» INFORMATION SUPPLIED
= Beginning of Section =
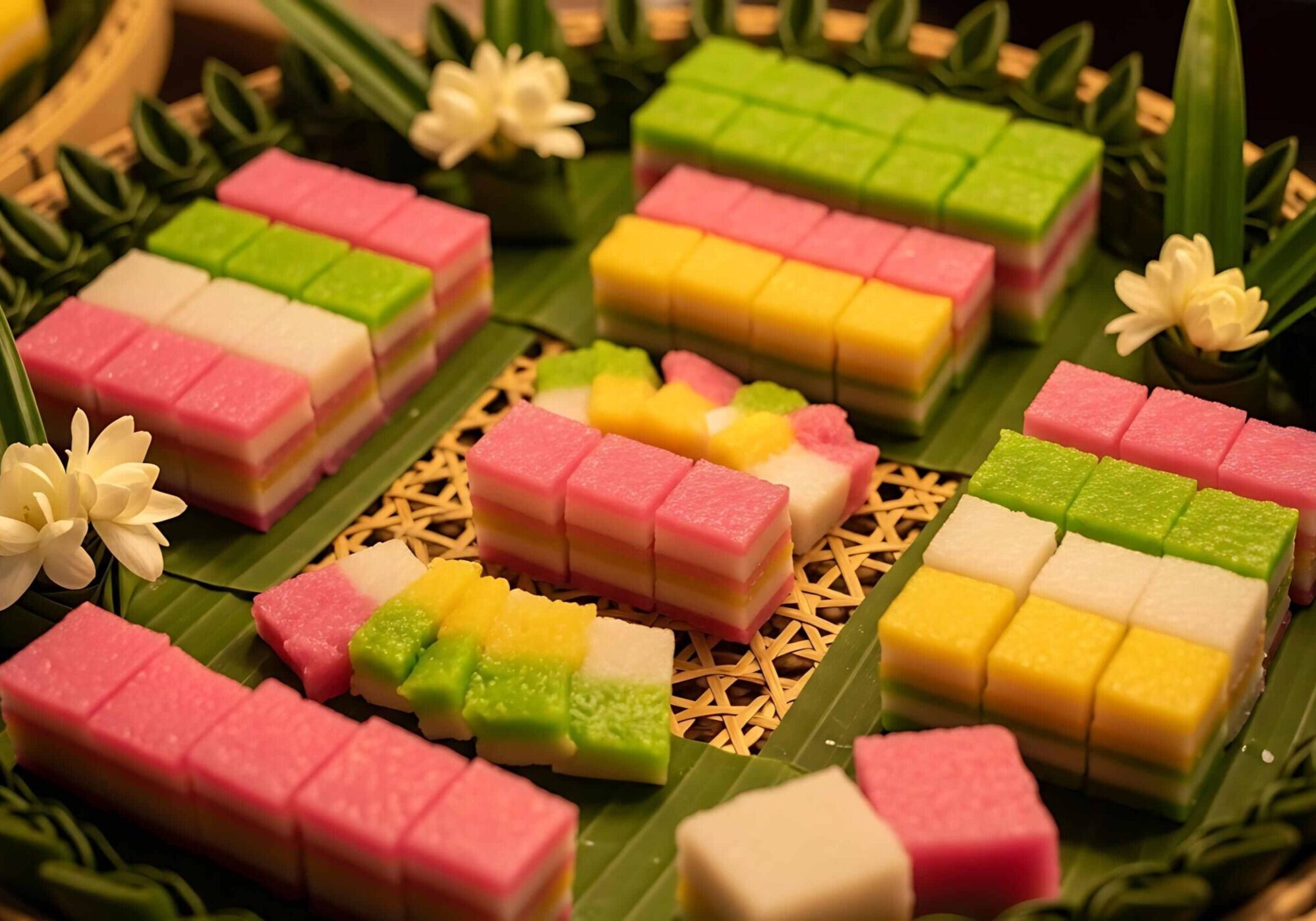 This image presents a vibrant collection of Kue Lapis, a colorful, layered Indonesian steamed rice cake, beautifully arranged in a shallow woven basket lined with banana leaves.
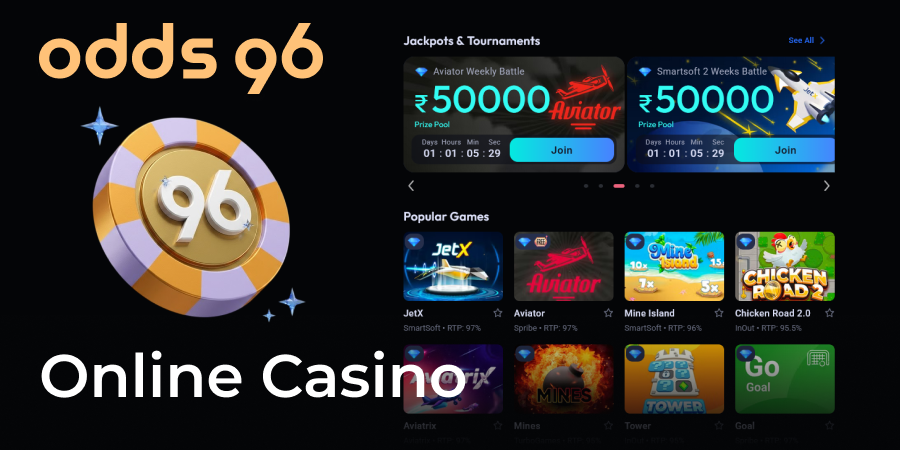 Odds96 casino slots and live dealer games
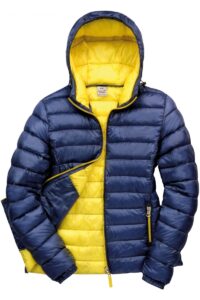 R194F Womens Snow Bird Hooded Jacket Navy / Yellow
= End of Section =
» THE TASK
Leaving every image behind, repeat the data in full and exactly.

» RESULT OF THIS TASK
 This image presents a vibrant collection of Kue Lapis, a colorful, layered Indonesian steamed rice cake, beautifully arranged in a shallow woven basket lined with banana leaves.
 Odds96 casino slots and live dealer games
 R194F Womens Snow Bird Hooded Jacket Navy / Yellow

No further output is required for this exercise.